Also, in making hard decisions on what clothes to keep, it's forced me to actually, you know... wear some of the stuff that I was determined to keep. I had to prove to myself that I would wear it and like it. This has made my wardrobe seem different without actually being any different. I'm forcing myself to wear some of the 90 shirts that I keep around instead of the same 10 or 12 that I keep washing and wearing because I remember them. Does anyone else have that closet amnesia thing? In sorting through sweaters, turtlenecks, t-shirts, dress shirts, semi-casual shirts, shirts that I could wear to work but probably won't, shirts for going out to dinner with friends and what-not, I had a lot of "OH YEAH!" moments. I don't have amnesia for pants, because honestly, after the Great Pantsless Scare of 2011 I know the exact location of all my pants at most times.

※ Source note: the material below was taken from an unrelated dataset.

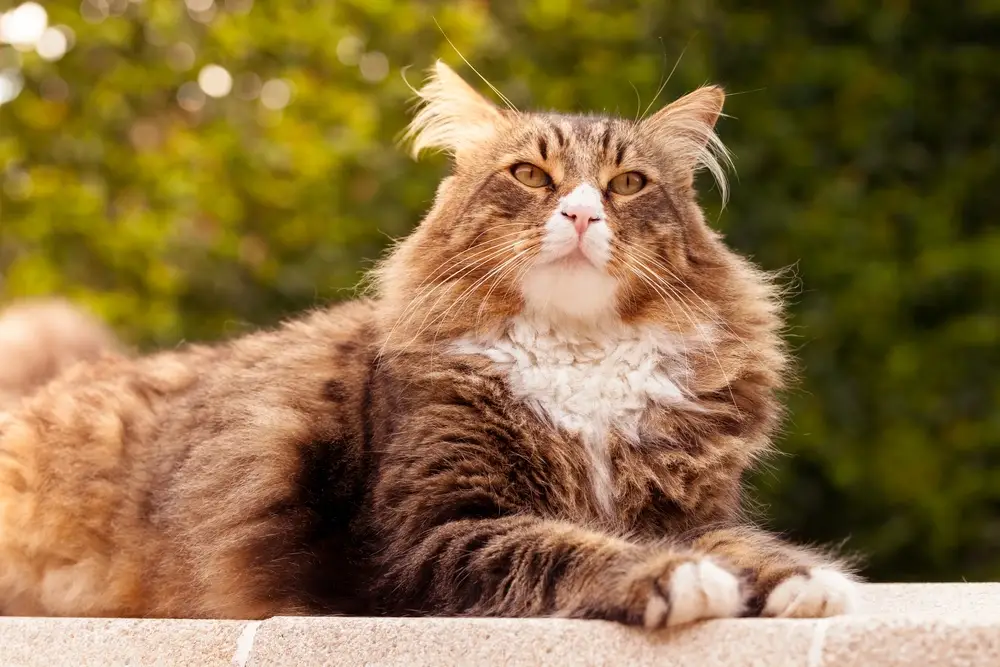 Maine Coon Characteristics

And even though I only own 11 pairs of shoes, I usually only wear 2 of those at time--wait, I only wear one pair at a time, but there is usually a pair of pairs that are in heavy rotation: for example, at the moment, it's black & brown sandals, it being 100 degrees most days. Anyway, so with only 2 or so pairs in rotation* it is posible to forget about pairs of shoes too. I forgot that I have a pair of sparkly red tennis-style shoes, though I would never play tennis in them as they tend to cut into my heels a bit and I am also tragically uncoordinated in a sportsmanship type way. I also forgot that I had a pair of ridiculously high-heeled shoes with ankel straps that I wore for New Years Eve and then never again outside the house, so... there's that. Closet Amnesia. I think it's a real thing.

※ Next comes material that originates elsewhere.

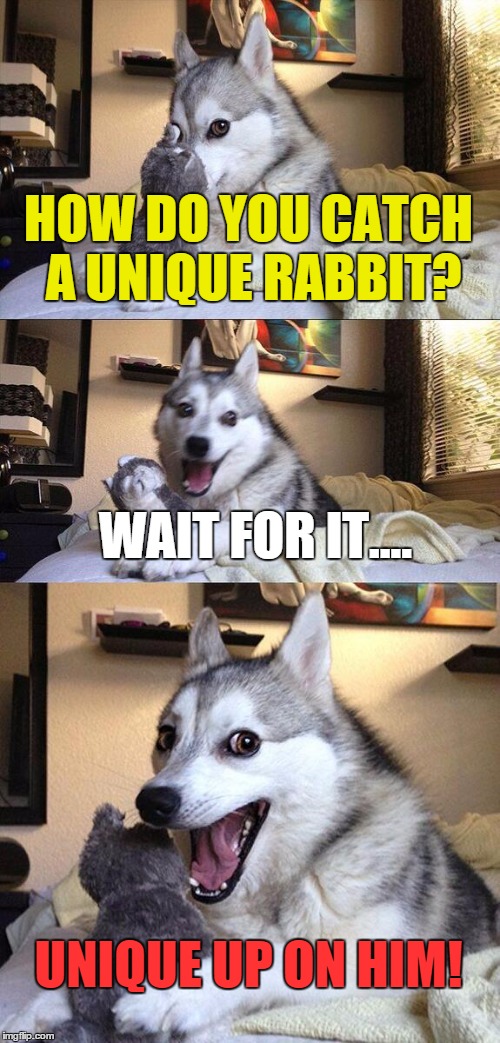How do you.... | HOW DO YOU CATCH A UNIQUE RABBIT? WAIT FOR IT.... UNIQUE UP ON HIM! | image tagged in memes,bad pun dog,unique | made w/ Imgflip meme maker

On Sunday, I'm having people over to peruse the stuff I removed from my closet and I will peruse the stuff they bring and it will be lovely, but really, I'm very proud of the progress I made. I took pictures. If I was smart, I would have taken "before" pictures, but I didn't, and although I did contemplate going back and staging some dramatic recreations of what things looked like before, I don't have quite that much time on my hands. Time enough to take pictures of the work I've done but not time enough to plan this sort of before and after post in advance when there would have been a more reasonable way of getting "before" pictures.
The grand total of "stuff" gotten rid of (which includes shoes and some accessories) totals 1.5 drawers:
half drawer not shown because it contains unmentionables... 2.5 shelves in the closet
and roughly 3.5' of hanging closet space.
and roughly 3.5' of hanging closet space.
The desire to fill all that space is... very strong. I have some small amount of willpower, however, because I went to Target with a gift card and didn't buy ANYTHING. That's kind of crazy for me since usually I can spend $50 at Target without breaking a sweat, but I resisted all the tops and shoes and pajamas and sheets and towels and stuff. It was difficult, but I preservered. Of course, it totally helped that I had already purchased shoes on the internet.
*"Rotation" is also a euphemism, in this case, for "on the floor of the bedroom/bathroom/living room/kitchen/wherever I took them off"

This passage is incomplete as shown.